I’m not talking about the purse. Though I could have bought a nice one with the money I spent. Instead I hired one. Because holding myself accountable only to me is not working, so now Coach K bears the burden.
Maybe you think the tide has turned and I’m doing Wisconsin. But, alas, that is not the case, because at the age of 37 I’ve come to accept reality. And that reality is I suck at long distance. It only took a decade to figure that out.
Instead the focus will be on short-course, which is far less sexy than an Ironman. But I’m okay with that. Ironman is like the burn-your-face-off hot wings. They both involve a fair amount of discomfort, looks of disbelief from others and both result in a pain in the ass the next day.
Don’t misunderstand.
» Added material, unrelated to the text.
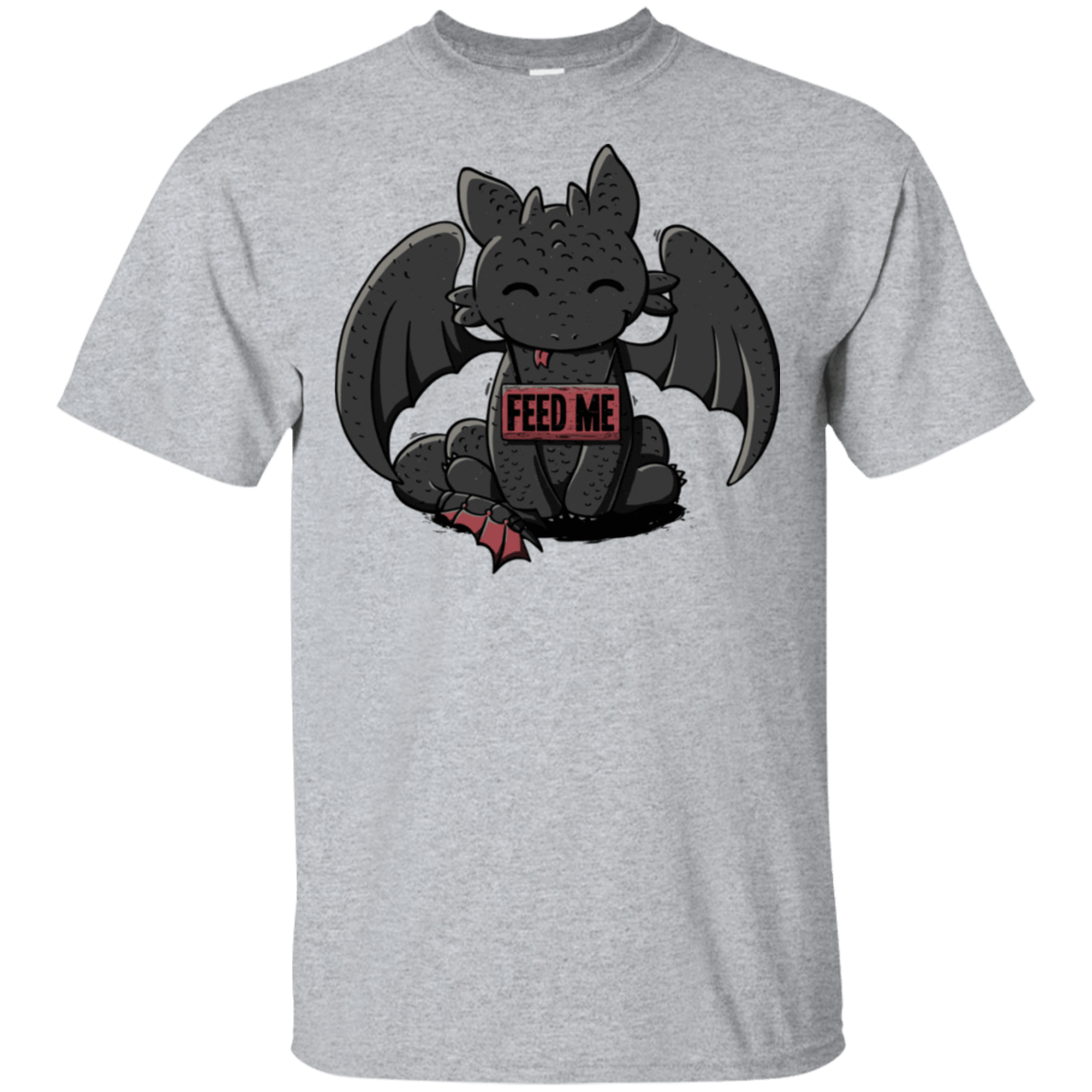 T-Shirts Sport Grey / S Toothless Feed Me T-Shirt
Finishing an Ironman is amazing and the closest most people will come to feeling like a rock star. It’s the icing on the cake after months of training and perpetually sore hamstrings. I have the highest respect for triathletes that race IM year after year.
But it’s not for me. At least not this year.
So I’ve set my sights on qualifying for USAT Nationals in September. It’s an Olympic distance, which is my favorite. Long enough to reward myself with Nutella, short enough to be mobile the next day. A win-win.
So now I can actually start blogging about what my screen name references. Try to contain your excitement.